## [EXERCISE INPUTS]
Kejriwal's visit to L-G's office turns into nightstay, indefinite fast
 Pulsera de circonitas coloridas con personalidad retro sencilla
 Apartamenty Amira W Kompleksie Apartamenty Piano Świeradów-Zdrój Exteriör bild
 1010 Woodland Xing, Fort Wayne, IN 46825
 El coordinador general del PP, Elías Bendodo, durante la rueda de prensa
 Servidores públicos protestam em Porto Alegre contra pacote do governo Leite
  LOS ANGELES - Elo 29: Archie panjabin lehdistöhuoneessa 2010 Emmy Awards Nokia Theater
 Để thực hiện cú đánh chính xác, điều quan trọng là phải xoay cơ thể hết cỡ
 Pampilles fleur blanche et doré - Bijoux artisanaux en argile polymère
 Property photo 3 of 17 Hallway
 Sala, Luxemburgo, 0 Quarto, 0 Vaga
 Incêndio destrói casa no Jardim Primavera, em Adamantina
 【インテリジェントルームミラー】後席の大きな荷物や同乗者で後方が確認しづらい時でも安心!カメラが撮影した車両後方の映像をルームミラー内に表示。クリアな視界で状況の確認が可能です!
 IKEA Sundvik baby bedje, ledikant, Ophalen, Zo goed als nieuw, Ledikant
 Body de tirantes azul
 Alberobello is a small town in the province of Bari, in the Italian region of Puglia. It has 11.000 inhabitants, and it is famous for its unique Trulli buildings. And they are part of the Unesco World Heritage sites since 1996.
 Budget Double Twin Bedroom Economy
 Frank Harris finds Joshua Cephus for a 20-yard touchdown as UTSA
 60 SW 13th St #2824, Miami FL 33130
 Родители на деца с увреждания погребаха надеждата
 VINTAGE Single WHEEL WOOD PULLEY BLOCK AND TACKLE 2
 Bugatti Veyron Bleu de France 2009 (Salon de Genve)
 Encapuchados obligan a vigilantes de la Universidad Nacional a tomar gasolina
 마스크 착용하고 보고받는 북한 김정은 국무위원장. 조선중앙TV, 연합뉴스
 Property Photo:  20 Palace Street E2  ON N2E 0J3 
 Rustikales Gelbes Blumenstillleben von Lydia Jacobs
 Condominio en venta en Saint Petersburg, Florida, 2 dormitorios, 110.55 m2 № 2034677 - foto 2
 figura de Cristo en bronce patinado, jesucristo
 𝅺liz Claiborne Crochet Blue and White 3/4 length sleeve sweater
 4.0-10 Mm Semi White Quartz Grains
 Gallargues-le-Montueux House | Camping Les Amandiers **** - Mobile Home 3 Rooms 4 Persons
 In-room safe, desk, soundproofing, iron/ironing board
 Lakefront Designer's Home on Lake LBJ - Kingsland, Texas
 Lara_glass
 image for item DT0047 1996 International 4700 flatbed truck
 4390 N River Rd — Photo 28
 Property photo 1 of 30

## [WHAT TO WORK ON]
Which lines in the material contain the word "Property"? Pull each of them out.

## [ANSWER FOR THIS EXERCISE]
 Property photo 3 of 17 Hallway
 Property Photo:  20 Palace Street E2  ON N2E 0J3 
 Property photo 1 of 30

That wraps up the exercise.